MobileRead Forums - View Single Post

Tex2002ans · 10-23-2017, 02:52 PM

I recently came across this article referenced by The Digital Reader, "When Nothing Ever Goes Out of Print: Maintaining Backlist Ebooks" written by an editor from Houghton Mifflin Harcourt.

The entire article was a great read, but here is the part on Hyperlinks in backlist books + Link Rot:

Quote:

Hyperlinks

Many of our books have URLs in them. Particularly our adult nonfiction books, which often have endnotes with lots of URLs. And in ebooks, we make these URLs into hyperlinks.

And as we know, URLs can stop working.

The web community has gotten good about talking about this problem, and they call it link rot.

There’s scholarly research on the prevalence of link rot—when URLs stop working—and of reference rot—when the information at a given URL changes from what it was when the author cited it. This study found that more than half of the URLs cited in US Supreme Court decisions suffered from one or the other. Which is not a great thing for the history of American jurisprudence.

Other studies have looked at the half-life of a URL, suggesting that it might be about two years. (The concept of half-life here is just like that for radioactivity, the amount of time it takes for half of something to decay, or in this case, for half of the URLs in a set to stop working.)

What does this look like in an ebook? Powers of Two is a pretty typical nonfiction book from our backlist. It has 275 URLs in it, mostly in the endnotes. It was published in August 2014.

So if we use that half-life of two years model, this summer, in August 2016, we would expect that only 50% of those URLs would still be good.

By August 2018, only 25% of the URLs would still be good.

By August 2024, ten years after pub, this model would predict that only about 3% of the URLs would still be working. And unfortunately, I don’t plan to be retired yet by then. So this is a real problem for us.

When I actually tested the URLs in Powers of Two with the W3C Link Checker, I discovered that about 47 (or 17%) of the URLs were not working.

On the bright side, 83% percent were still working. So we’re running a bit ahead of the curve there. (Or perhaps the websites our authors choose to cite are more reliable than the average website.)

As usual, there’s a “do it right from the beginning” solution, which certain parts of the web and scholarly communities are embracing (using things like DOI to identify electronic documents or a service like Perma.cc that archives cited online content). I haven’t seen trade publishing take this problem on.
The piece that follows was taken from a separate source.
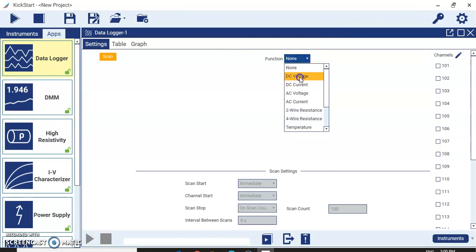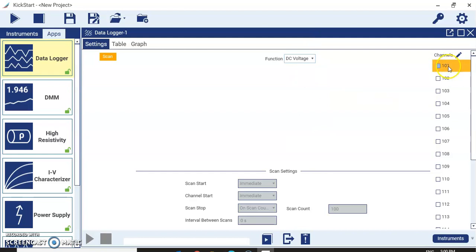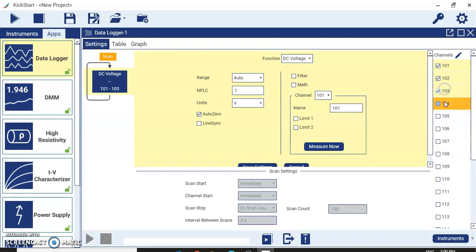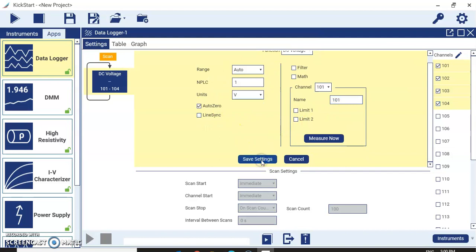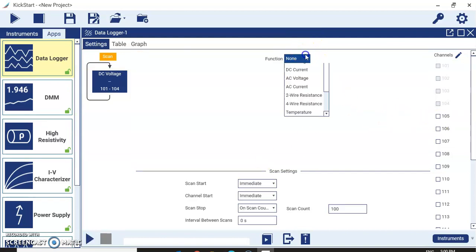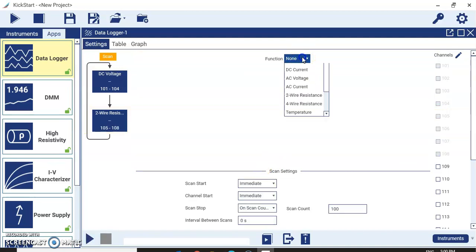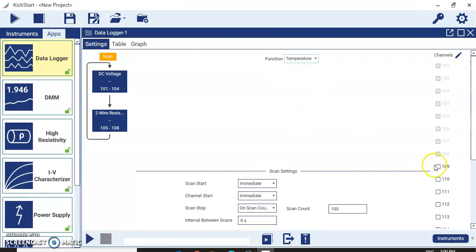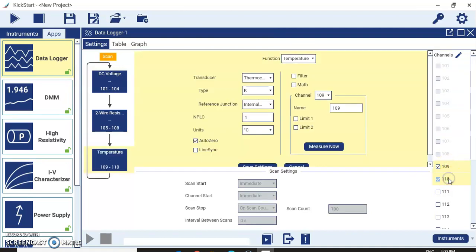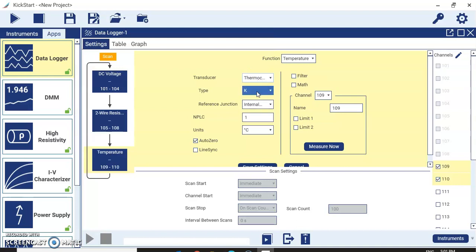I will select DC voltage for channels 1 through 4, then set two-wire resistance for channels 5 through 8 and save. I will also select temperature measurement for channels 9 and 10, where I have connected thermocouples. You can choose thermocouple, thermistor, or two-, three-, or four-wire RTD. I will select NK-type thermocouple, set the units and NPLC, and save the setting.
But because we’re talking about backlist, and we don’t have the advantage of going back in time to do ask our authors to archive their links correctly, we’re talking about inheriting tens of thousands of old URLs that were not deliberately preserved in any way. (Not all our books have 275 URLs, and some have none, so what if we say 20 on average? Hypothetical 5000 book backlist at 20 URLs per book = 100,000 slowly decaying URLs.)

And this is a problem for print books as well as for the ebooks of course, but I think we’re more content to let the URLs in print books function essentially as decoration—as signs that there is scholarship underlying their claims. And we also assume that a very motivated reader who types out an entire URL from a print book to try to get to a source document will also have some basic web literacy around using Google to search for an alternative.

The URLs in ebooks, however, we transform into hyperlinks, which imply that the information is just a click away, and when it isn’t, it doesn’t just seem like the link is broken. It seems like your ebook is broken.

The hyperlinks in ebooks can also be checked in automated fashion, and then we get this:

https://cdn-images-1.medium.com/max/...TG45dAIy0g.png

So this is the scale at which we’re dealing with this problem right now—our backlist has a hundred thousand slowly decaying URLs, little time bombs embedded in our backlist—and the retailer response is to send me an individual email every time they notice one. Fortunately, they don’t seem to be looking very hard right now.

And then, the interesting part: what do we do to fix this? There are a few options, but they all have some authorial implications:

If the site’s just been reorganized, find the new correct URL.
If the URL is just meant to point to general further information, find a new site that contains that information.
Remove the URL altogether. We’ll do this if a citation given is complete enough that the reader can probably find the print version of the material cited, even though the online version seems to be gone.
Leave the URL, but remove the hyperlink. This looks like a mistake in the ebook to me, but sometimes you just don’t have any good options. This seems to satisfy retailer complaints (or at least evade their automated link checking).

Quote:

Originally Posted by Hitch

Honestly, NJ, I kind of disagree that Location #'s are worthless. Why do you say that? At least they're consistent, unlike "page numbers" as created by ePUB devices, each to their own calculation.

*Casually cites one of my ginormous posts in the "Sick of Amazon Kindle books with Page Numbers" thread, which categorized the Pros/Cons of all the different location methods*